(ENTRIES SHOWN)
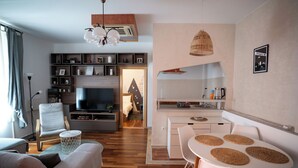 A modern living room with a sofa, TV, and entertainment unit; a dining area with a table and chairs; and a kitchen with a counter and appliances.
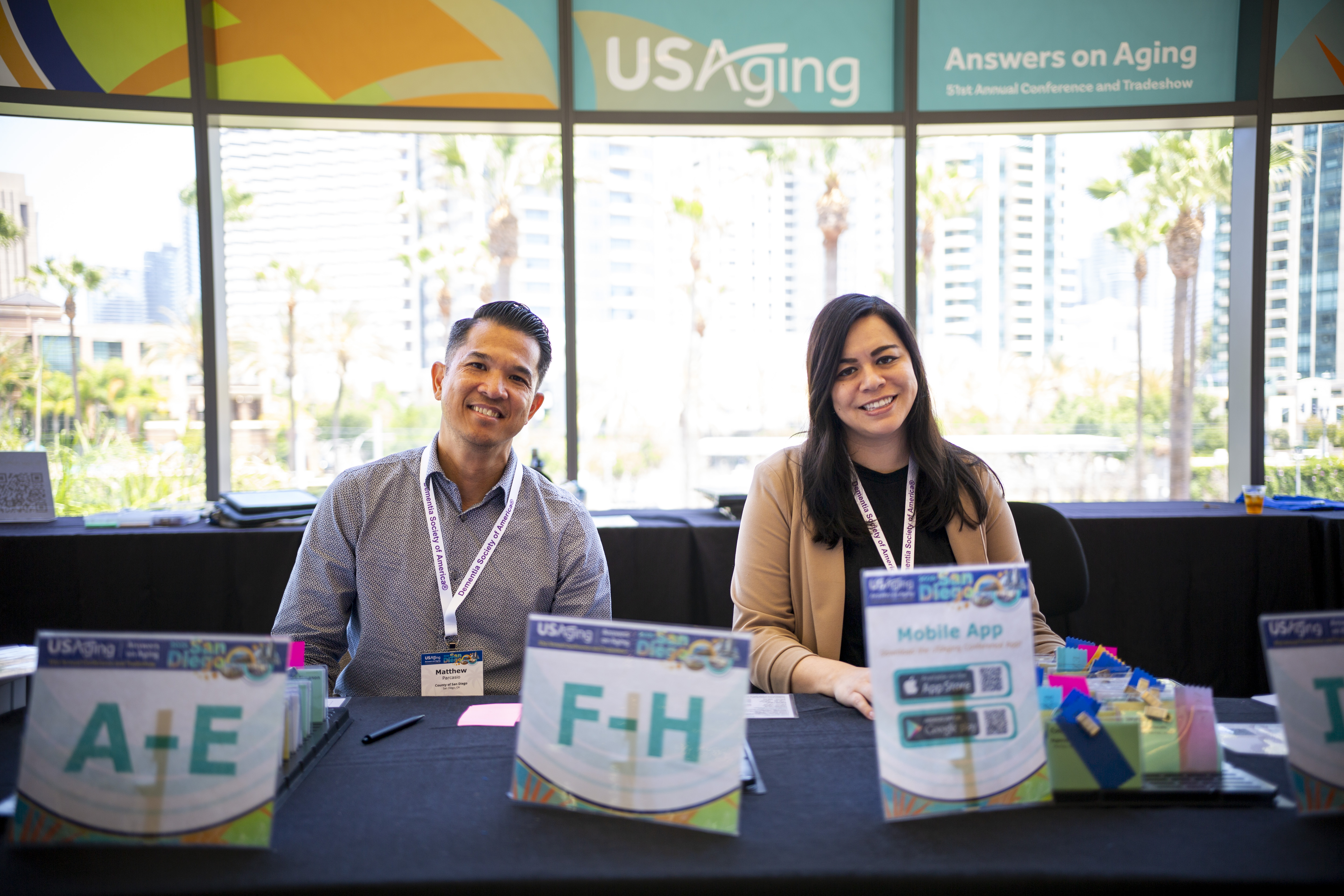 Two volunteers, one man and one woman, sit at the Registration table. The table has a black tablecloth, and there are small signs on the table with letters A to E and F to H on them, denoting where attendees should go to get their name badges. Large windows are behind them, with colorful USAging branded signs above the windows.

---

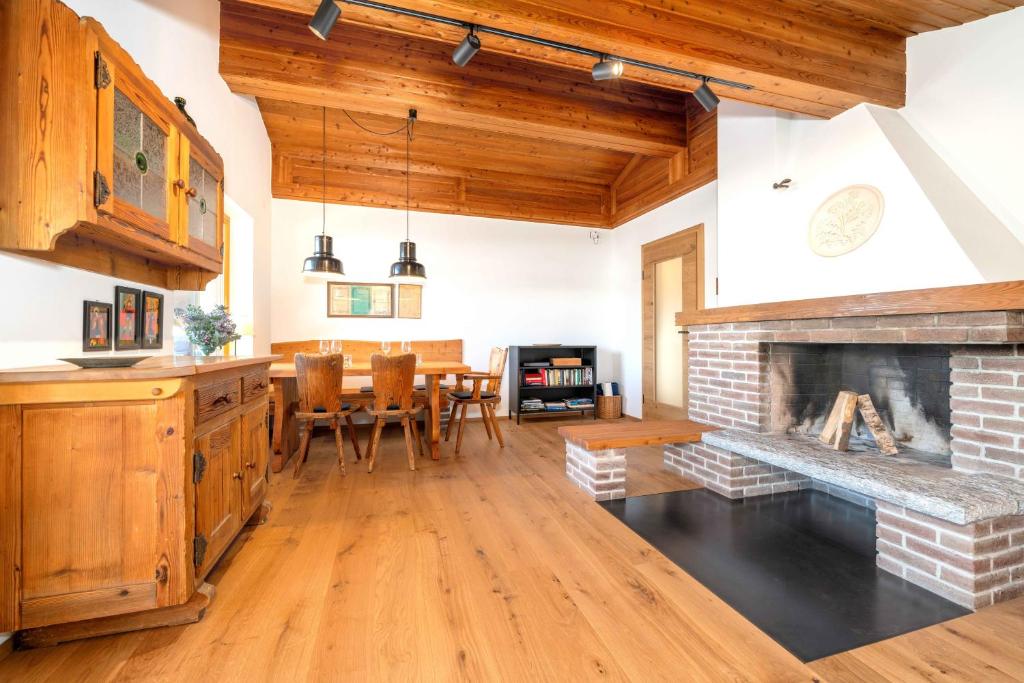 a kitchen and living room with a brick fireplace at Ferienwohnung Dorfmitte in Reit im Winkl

(EXERCISE DESCRIPTION) Given the records above, return the lines starting at the one that holds "A modern living" and ending at the one that holds "Two volunteers, one", exactly, and nothing besides; leave every picture out.

(WRITTEN ANSWER)
 A modern living room with a sofa, TV, and entertainment unit; a dining area with a table and chairs; and a kitchen with a counter and appliances.
 Two volunteers, one man and one woman, sit at the Registration table. The table has a black tablecloth, and there are small signs on the table with letters A to E and F to H on them, denoting where attendees should go to get their name badges. Large windows are behind them, with colorful USAging branded signs above the windows.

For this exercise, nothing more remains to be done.